À ceux qui cherchent encore la justice après des décennies d’oppression. Aux lanceurs d’alerte qui risquent tout pour dire la vérité. À ceux qui ont donné leur vie pour que d’autres puissent vivre libres de la brutalité militaire, et aux innombrables personnes qui continuent de se battre pour une démocratie fédérale fondée sur la paix et la justice pour tous.

Nous nous tenons à leurs côtés.

Depuis la tentative de coup d’État illégale de 2021, l’armée a déclenché une campagne de terreur : massacres, torture, violences sexuelles, frappes aériennes et incendies de villages. Même les enfants ne sont pas épargnés. Ces crimes sont commis par les mêmes responsables du génocide contre les Rohingyas, dans une impunité totale. Pourtant, malgré l’horreur, le courage du peuple ne faiblit pas.

Notre mouvement ne s’oppose pas seulement aux généraux qui commettent ces crimes, mais aussi aux gouvernements, entreprises et banques qui financent et facilitent la violence de la junte — et à l’oppression des peuples du monde entier, de la Palestine à l’Ukraine, du Turkestan oriental au Soudan, avec lesquels nous sommes solidaires.
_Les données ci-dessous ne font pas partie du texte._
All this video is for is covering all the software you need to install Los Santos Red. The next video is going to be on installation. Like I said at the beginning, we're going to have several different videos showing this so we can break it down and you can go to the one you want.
Le Right Livelihood Award confirme que la lutte du Myanmar s’inscrit dans un combat mondial pour la justice et la dignité humaine. Pour démanteler le cartel militaire, nous avons besoin de solidarité et d’action.

En décembre, la junte organisera de fausses élections.

Nous appelons les gouvernements à rejeter cette mascarade et à stopper les flux d’argent, d’armes, d’équipements et de carburant aéronautique qui alimentent la terreur.

Nous appelons les entreprises et les investisseurs : retirez votre argent de l’armée et de ses alliés. Mettez fin à cette complicité. Ne financez pas les atrocités.

Cet honneur renforce notre détermination et envoie un message clair à la junte et à ses soutiens : le monde regarde. La révolution du peuple du Myanmar triomphera.

Greta Thunberg Birmanie

…………………………………….

Nazanine Moshiri, présentatrice de la cérémonie

Merci infiniment à Greta Thunberg d’être venue ce soir pour lire cette déclaration.

Restons au Myanmar : nous avons la chance d’accueillir Montse Ferrer d’Amnesty International, directrice adjointe de la recherche pour l’Asie de l’Est, du Sud-Est et le Pacifique. Découvrons un peu plus la situation actuelle au Myanmar.

Malheureusement, ce n’est presque pas dans l’actualité avec tout ce qui se passe dans le monde. Pouvez-vous nous dire comment la situation a évolué cette année ?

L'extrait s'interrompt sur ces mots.